No es de lo que voy a hablar, aunque tiene
algo que ver porque es hoy un día que tiene mucha relación con eso de “almorzar”,
generalmente en cuadrilla. Y porque no es nada raro almorzar huevos fritos. Así,
lo de los huevos fritos, cuando faltan siete años para que se cumplan
seiscientos desde el asunto del famoso “Voto de San Miguel”, da pie al
verdadero del que quiero hablar.
Con los libros de Joaquín, Joaquín Berges
digo, con quien espero seguir profundizando en nuestra relación, me pasa como
con los huevos fritos. Cada vez que, a partir del primero que leí, empiezo un
libro suyo, aparte de ir viendo su marcado estilo personal, que, con todas las
variaciones que haya entre uno y otro, se percibe en su peculiaridad, me
acuerdo de los huevos fritos. Qué queréis que os diga.

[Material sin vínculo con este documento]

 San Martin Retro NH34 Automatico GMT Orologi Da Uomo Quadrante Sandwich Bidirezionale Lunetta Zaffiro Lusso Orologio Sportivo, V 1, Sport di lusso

Acabo de meterme entre pecho y espalda,
con Mateo y algunas personas que prefieren no ser mencionadas, dos huevos
fritos. Exquisitos. Y recordaba el último libro de Joaquín, el que se titula “La
línea invisible del horizonte”. Al iniciar ambos cometidos, la lectura de
cualquiera de las creaciones de este individuo o el consumo de los huevos
fritos, como sé que me espera un disfrute delicioso, pienso, no soy capaz de
evitarlo, en su final, en que no son eternos. Y sufro. Me ha sucedido siempre
con los huevos fritos. Aunque los paladee, aunque cierre los ojos y los oídos
al ambiente, aunque haga de ese condumio una aristotélica entelequia siéndoles
fiel a ellos nada más, sufro porque sé que tienen fin. Y, desde que el pasado
año por estas fechas tuve la oportunidad de gozar de “Un estado del malestar”, quedó
incorporada esta actividad, incorporé la lectura “bergesiana” a mis hedónicas
cosas, aunque dolorosas por el conocimiento de su finitud.
Joaquín no me paga ni sabe de esto, se
enterará cuando lo lea. Vosotros leed sus cuatro libros.